> Instructions to follow
Go line by line through the data below, counting each one that has "Floor", and give the final count only.

> Supplied data
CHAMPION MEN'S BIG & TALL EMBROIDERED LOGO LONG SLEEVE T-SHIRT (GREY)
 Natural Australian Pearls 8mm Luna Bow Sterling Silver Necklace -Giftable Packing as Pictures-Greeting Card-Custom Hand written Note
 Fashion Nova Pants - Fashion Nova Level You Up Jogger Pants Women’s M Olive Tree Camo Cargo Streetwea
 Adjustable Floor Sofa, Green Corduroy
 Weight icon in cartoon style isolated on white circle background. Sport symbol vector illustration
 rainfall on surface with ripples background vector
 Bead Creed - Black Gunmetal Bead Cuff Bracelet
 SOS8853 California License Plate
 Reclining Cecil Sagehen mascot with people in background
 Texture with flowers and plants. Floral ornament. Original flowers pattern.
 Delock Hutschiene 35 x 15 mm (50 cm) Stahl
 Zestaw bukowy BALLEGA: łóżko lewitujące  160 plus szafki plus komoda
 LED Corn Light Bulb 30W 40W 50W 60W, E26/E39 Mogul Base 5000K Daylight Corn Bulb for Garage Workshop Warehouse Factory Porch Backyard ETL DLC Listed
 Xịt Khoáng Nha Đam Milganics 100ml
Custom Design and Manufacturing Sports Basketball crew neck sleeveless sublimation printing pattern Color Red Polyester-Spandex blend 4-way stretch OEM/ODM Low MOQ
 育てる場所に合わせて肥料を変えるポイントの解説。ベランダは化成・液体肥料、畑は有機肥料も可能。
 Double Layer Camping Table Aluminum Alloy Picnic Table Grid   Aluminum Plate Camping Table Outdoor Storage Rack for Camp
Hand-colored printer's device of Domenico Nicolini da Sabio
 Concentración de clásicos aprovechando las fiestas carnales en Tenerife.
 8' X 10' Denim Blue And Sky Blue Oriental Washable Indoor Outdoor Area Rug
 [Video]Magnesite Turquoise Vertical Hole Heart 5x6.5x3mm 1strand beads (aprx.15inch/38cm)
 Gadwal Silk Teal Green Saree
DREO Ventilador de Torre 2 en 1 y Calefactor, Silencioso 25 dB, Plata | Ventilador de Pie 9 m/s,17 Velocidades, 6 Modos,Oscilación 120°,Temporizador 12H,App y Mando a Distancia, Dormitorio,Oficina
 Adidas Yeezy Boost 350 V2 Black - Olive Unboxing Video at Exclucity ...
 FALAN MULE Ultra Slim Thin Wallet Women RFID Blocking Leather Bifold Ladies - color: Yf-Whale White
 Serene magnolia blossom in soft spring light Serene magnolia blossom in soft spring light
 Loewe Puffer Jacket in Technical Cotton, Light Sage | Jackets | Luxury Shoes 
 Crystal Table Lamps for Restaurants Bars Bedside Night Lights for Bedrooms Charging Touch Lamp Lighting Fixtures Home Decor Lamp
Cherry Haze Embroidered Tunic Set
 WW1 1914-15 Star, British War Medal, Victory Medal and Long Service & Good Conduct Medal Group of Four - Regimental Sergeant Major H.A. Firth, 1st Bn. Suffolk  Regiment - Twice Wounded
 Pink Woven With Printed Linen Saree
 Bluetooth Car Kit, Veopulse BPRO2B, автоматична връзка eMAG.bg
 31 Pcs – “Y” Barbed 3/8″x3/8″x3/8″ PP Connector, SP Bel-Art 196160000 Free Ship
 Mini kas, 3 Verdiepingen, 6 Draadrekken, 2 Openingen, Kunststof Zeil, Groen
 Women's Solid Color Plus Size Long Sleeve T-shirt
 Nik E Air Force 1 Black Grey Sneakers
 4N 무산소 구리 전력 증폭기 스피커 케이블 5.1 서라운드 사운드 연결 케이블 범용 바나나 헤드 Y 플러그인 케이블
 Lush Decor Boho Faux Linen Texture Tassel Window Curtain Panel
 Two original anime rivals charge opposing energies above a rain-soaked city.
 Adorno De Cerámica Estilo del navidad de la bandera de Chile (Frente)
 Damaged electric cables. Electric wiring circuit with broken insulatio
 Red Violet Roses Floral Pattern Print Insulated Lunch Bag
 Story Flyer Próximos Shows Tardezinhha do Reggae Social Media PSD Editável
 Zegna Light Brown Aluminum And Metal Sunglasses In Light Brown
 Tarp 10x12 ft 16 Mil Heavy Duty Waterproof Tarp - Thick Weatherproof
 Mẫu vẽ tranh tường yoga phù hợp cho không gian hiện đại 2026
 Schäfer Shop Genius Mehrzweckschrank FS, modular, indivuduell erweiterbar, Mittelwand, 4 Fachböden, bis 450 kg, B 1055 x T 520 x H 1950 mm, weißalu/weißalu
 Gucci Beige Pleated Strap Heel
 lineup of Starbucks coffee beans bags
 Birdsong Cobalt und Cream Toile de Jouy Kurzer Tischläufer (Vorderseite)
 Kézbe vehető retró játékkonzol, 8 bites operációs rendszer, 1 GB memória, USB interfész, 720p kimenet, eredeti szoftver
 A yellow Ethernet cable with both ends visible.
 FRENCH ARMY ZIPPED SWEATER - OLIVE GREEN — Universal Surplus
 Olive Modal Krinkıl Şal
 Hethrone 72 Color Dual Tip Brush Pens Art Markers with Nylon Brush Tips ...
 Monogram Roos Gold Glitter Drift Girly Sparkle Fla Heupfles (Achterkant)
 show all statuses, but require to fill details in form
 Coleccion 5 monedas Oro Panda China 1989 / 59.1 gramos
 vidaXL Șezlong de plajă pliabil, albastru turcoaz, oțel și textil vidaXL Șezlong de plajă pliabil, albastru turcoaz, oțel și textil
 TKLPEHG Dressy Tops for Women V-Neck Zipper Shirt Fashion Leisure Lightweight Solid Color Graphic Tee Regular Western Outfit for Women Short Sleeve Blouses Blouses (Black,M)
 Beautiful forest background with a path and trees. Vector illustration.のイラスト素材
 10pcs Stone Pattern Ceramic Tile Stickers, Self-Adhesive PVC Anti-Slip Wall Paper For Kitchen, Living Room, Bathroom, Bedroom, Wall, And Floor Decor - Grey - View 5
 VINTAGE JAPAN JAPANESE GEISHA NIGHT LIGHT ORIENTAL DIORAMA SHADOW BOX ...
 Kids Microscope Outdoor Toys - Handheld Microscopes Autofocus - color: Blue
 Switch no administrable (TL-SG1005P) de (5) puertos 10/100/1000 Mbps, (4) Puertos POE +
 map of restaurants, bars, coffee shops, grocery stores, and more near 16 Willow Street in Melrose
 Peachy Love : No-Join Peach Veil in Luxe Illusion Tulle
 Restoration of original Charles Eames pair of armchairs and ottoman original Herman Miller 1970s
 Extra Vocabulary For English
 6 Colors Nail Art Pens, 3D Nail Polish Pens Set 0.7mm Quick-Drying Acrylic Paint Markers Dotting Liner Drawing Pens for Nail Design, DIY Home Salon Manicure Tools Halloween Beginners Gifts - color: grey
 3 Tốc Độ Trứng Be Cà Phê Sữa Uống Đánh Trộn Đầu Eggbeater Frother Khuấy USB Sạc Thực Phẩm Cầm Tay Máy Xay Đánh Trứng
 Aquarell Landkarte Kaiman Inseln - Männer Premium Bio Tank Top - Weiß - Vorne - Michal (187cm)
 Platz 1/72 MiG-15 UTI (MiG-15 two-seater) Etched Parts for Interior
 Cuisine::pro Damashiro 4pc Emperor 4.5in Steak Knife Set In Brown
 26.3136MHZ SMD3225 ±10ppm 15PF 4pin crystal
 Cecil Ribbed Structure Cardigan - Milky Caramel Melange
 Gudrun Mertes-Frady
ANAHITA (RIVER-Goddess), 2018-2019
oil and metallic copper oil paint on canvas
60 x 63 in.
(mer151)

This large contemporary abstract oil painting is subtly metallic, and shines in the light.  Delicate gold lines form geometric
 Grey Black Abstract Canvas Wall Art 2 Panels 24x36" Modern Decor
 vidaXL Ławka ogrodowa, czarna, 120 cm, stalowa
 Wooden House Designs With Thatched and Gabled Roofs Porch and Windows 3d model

> Answer box
2